Sean Cattouse

No. 43, 36
- Position: Safety

Personal information
- Born: October 4, 1988 (age 37) Chicago, Illinois, U.S.
- Listed height: 6 ft 2 in (1.88 m)
- Listed weight: 206 lb (93 kg)

Career information
- High school: Hubbard (Chicago)
- College: California (2007–2011)
- NFL draft: 2012: undrafted

Career history
- San Diego Chargers (2012); Chicago Bears (2013);
- Stats at Pro Football Reference

= Sean Cattouse =

American football player (born 1988)

Sean Cattouse (born October 4, 1988) is an American former professional football safety who played for the San Diego Chargers and Chicago Bears of the National Football League (NFL). He played college football at the University of California, Berkeley.

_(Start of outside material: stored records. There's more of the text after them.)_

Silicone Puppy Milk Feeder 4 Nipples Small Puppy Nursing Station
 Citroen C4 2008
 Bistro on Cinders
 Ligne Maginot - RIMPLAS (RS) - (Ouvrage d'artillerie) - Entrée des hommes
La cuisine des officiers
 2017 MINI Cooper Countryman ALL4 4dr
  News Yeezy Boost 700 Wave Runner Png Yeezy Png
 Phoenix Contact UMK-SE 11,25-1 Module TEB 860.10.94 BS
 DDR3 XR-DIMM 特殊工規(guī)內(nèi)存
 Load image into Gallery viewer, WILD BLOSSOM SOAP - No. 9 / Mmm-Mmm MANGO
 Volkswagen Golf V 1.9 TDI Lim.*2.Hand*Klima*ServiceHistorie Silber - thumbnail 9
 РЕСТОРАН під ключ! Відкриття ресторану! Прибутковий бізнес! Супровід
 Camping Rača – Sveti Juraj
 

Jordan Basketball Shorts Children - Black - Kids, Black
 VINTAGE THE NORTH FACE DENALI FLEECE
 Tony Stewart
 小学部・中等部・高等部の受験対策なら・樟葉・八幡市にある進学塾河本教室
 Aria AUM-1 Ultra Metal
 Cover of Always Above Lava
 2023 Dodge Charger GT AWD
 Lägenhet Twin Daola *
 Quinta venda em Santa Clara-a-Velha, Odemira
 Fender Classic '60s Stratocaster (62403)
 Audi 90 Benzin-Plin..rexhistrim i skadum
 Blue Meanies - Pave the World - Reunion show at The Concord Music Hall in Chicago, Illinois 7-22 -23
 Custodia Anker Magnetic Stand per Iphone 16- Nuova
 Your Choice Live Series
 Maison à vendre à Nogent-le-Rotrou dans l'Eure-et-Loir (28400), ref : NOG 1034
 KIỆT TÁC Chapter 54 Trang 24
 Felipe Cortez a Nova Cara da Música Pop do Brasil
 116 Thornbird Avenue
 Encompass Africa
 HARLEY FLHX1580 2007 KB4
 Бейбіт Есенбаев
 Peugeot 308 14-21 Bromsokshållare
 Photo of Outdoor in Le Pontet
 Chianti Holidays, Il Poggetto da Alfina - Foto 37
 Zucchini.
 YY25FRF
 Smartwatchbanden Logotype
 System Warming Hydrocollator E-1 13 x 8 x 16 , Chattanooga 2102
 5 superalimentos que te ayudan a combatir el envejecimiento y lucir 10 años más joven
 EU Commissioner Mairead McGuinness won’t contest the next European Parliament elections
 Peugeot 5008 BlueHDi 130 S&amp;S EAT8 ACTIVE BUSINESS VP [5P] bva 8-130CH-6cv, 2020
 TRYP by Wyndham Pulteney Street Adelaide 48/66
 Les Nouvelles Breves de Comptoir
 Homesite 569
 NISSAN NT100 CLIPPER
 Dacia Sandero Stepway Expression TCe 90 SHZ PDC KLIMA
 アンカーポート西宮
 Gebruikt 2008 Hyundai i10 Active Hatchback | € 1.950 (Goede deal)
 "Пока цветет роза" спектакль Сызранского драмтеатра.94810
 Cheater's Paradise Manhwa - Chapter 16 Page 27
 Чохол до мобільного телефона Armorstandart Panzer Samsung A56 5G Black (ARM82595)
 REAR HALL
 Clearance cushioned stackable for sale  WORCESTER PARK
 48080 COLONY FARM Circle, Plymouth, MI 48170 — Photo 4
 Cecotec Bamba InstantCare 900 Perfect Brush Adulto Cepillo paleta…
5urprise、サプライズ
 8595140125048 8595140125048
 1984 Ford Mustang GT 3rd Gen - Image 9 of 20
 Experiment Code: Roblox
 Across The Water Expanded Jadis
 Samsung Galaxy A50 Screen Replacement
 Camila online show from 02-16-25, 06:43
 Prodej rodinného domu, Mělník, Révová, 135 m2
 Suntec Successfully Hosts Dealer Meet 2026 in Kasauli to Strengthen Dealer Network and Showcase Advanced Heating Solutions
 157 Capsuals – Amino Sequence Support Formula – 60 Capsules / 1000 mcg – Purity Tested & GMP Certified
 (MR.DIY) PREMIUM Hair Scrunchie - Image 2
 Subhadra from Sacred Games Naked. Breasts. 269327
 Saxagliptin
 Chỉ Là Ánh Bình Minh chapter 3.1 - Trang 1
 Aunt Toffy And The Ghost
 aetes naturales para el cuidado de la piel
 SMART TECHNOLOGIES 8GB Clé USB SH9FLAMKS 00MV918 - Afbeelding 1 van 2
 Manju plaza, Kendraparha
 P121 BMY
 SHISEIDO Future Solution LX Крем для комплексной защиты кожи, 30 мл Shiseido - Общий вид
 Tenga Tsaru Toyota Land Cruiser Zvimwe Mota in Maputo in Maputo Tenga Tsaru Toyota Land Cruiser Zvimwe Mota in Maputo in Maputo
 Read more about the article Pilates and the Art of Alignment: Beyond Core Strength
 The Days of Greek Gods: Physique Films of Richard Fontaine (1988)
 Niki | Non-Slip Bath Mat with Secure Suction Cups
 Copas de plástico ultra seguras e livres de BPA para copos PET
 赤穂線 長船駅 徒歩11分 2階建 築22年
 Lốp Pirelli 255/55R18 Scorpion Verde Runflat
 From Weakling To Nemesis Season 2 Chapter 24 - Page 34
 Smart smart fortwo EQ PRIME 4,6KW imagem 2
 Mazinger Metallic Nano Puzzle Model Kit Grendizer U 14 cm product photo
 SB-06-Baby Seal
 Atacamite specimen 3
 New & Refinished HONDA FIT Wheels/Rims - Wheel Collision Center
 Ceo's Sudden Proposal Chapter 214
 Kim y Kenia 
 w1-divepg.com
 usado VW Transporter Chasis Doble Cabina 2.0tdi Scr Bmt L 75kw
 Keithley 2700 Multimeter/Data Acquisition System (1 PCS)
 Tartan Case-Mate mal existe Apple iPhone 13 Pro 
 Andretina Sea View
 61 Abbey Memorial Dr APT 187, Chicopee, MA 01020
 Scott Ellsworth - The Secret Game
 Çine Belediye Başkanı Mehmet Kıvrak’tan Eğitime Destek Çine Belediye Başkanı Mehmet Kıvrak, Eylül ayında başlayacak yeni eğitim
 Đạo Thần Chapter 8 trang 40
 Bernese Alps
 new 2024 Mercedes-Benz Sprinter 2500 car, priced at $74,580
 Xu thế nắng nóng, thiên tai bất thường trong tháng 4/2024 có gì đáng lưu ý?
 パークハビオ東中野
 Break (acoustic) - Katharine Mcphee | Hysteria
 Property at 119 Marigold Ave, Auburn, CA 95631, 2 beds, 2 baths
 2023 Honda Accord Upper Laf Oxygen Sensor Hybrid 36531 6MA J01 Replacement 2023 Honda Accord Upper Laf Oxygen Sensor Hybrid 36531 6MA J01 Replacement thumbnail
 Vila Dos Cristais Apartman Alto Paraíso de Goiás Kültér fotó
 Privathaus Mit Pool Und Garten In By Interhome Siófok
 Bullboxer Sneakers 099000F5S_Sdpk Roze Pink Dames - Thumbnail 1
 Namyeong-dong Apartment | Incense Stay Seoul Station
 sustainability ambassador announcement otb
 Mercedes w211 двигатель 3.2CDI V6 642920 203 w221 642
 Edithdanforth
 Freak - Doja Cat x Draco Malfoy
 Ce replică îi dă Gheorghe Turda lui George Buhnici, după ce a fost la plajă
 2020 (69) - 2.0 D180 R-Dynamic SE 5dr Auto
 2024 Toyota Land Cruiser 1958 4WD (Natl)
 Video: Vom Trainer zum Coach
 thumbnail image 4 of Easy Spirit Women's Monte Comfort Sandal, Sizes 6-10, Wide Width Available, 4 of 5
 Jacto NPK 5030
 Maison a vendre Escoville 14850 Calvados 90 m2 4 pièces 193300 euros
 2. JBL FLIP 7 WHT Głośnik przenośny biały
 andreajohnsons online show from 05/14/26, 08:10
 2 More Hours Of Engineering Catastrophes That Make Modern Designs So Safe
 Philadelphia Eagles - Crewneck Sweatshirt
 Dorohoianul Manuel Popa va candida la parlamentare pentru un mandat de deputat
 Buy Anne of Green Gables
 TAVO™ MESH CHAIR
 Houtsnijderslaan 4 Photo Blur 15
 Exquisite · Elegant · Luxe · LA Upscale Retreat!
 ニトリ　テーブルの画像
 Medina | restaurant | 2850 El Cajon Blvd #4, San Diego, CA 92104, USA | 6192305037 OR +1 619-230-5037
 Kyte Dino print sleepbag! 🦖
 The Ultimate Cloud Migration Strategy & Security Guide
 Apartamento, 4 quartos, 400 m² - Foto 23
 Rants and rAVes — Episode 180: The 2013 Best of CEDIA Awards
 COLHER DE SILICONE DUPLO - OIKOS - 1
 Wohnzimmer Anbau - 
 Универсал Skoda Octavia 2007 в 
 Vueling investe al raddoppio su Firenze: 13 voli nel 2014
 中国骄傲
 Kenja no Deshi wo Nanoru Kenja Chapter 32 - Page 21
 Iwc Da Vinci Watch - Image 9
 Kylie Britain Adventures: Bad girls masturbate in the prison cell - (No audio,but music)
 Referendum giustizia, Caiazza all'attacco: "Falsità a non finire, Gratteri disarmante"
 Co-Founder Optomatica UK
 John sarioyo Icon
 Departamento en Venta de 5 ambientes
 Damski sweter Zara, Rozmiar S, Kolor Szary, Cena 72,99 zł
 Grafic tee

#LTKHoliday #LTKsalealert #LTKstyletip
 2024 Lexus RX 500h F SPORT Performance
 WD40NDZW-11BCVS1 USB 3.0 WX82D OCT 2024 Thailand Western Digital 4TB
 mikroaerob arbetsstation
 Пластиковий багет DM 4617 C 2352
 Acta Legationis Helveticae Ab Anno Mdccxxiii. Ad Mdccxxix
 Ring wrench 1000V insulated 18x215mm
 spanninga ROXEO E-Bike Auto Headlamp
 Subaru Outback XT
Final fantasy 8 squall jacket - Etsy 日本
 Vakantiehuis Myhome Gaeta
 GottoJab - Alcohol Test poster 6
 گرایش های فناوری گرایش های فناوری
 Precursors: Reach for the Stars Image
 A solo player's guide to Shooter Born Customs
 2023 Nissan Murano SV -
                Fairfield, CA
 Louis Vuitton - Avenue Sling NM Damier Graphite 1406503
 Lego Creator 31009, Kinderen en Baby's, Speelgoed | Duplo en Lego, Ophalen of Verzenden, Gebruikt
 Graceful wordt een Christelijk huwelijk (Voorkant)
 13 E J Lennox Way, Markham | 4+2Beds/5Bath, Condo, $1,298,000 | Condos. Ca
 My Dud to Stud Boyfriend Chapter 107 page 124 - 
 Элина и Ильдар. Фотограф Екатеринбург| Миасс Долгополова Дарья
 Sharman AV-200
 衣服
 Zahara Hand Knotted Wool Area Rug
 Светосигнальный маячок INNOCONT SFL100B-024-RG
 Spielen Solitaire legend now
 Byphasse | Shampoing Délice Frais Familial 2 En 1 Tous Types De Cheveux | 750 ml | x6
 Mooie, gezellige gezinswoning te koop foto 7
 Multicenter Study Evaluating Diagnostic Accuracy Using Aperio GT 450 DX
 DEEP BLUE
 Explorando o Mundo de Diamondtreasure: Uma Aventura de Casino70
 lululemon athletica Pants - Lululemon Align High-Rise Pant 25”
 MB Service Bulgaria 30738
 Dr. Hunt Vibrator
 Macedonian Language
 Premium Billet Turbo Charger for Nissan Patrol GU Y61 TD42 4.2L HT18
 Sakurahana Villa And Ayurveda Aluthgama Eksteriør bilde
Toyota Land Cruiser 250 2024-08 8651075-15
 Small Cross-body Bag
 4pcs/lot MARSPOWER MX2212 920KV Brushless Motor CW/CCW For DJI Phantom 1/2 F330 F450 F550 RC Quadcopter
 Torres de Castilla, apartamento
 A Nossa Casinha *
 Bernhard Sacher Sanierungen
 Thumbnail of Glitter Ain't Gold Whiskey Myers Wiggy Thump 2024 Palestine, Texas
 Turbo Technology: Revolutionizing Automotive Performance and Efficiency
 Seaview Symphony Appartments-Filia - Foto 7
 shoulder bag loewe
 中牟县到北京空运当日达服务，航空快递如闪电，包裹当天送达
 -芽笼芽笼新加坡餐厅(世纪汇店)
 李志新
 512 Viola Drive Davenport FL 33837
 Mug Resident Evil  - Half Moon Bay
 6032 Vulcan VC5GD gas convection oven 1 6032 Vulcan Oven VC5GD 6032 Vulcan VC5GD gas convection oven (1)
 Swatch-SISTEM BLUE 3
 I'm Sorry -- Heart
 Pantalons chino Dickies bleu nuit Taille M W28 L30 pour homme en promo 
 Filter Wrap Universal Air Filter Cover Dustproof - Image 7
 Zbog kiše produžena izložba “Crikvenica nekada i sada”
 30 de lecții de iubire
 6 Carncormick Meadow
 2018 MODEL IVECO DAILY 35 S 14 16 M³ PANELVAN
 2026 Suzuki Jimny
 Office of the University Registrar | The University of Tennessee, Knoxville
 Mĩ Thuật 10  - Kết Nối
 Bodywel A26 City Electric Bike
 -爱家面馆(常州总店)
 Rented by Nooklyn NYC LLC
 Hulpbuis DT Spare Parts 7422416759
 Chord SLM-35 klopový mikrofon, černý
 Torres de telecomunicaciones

==Early life and college==
Sean Cattouse was born October 4, 1988, in Chicago, Illinois. He attended Hubbard High School in Chicago.

Cattouse played college football for the California Golden Bears of the University of California, Berkeley. He was redshirted in 2007 and was a four-year letterman from 2008 to 2011.

==Professional career==
Cattouse was signed by the NFL's San Diego Chargers on April 30, 2012, after going undrafted in the 2012 NFL draft. He made his NFL debut on December 30, 2012, against the Oakland Raiders. He was released by the Chargers on August 30, 2013.

Cattouse spent the 2013 season with the Chicago Bears of the NFL. He was released by the Bears on June 19, 2014.

==Personal life==
Cattouse began to work as a physical education teacher at Muchin College Prep during the 2015–16 school year. He is currently a physical education teacher at Rauner College Prep High School in Chicago.